==== COLLECTED DATA ====

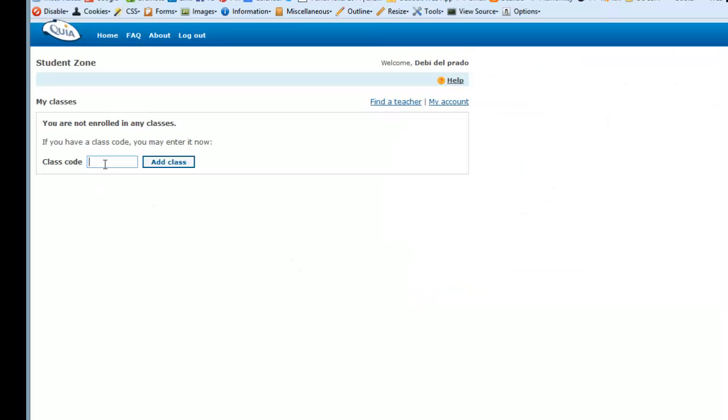I'm not enrolled in any classes. Now, if you have a class code, which you will have from the emails that I sent out through your Ohlone WebAdvisor enrollment, you would just type in that code in this box and say Add Class.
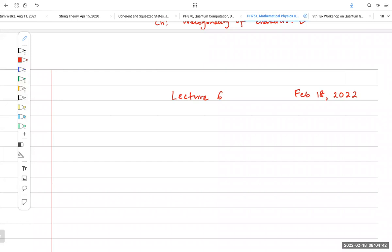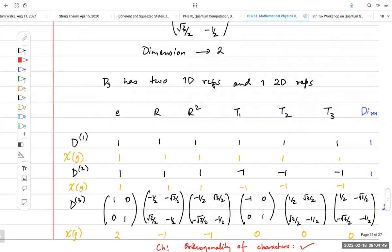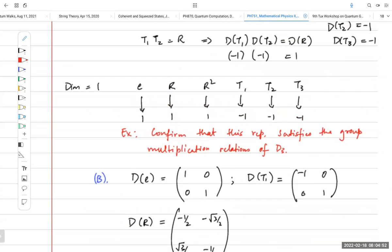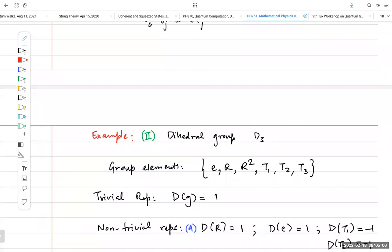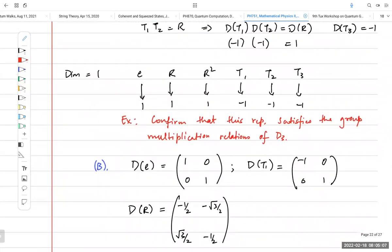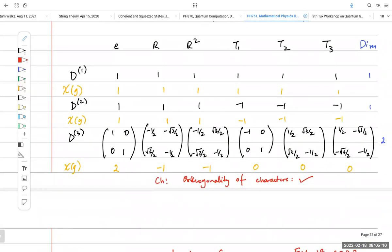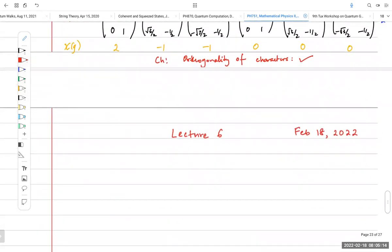Good morning everybody, welcome to lecture six of Mathematical Methods Part Two. We have been talking about representation theory, and one of the questions that came up at the end of the last lecture was: why are we doing this? What is the point? The same question can be asked of any of the other topics in this class, such as complex analysis, special functions, and series solutions of differential equations.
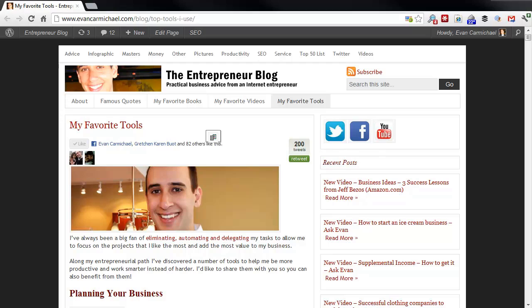Hi, I'm Evan Carmichael. Welcome to another edition of Entrepreneur Tools where I highlight some of the favorite tools that I use to run my business.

====

EXERCISE:
Only exact repeats of the lines from the one containing "Good morning everybody, welcome" through the end of the listing above are wanted here; pictures are not.

TASK SOLUTION:
Good morning everybody, welcome to lecture six of Mathematical Methods Part Two. We have been talking about representation theory, and one of the questions that came up at the end of the last lecture was: why are we doing this? What is the point? The same question can be asked of any of the other topics in this class, such as complex analysis, special functions, and series solutions of differential equations.
Hi, I'm Evan Carmichael. Welcome to another edition of Entrepreneur Tools where I highlight some of the favorite tools that I use to run my business.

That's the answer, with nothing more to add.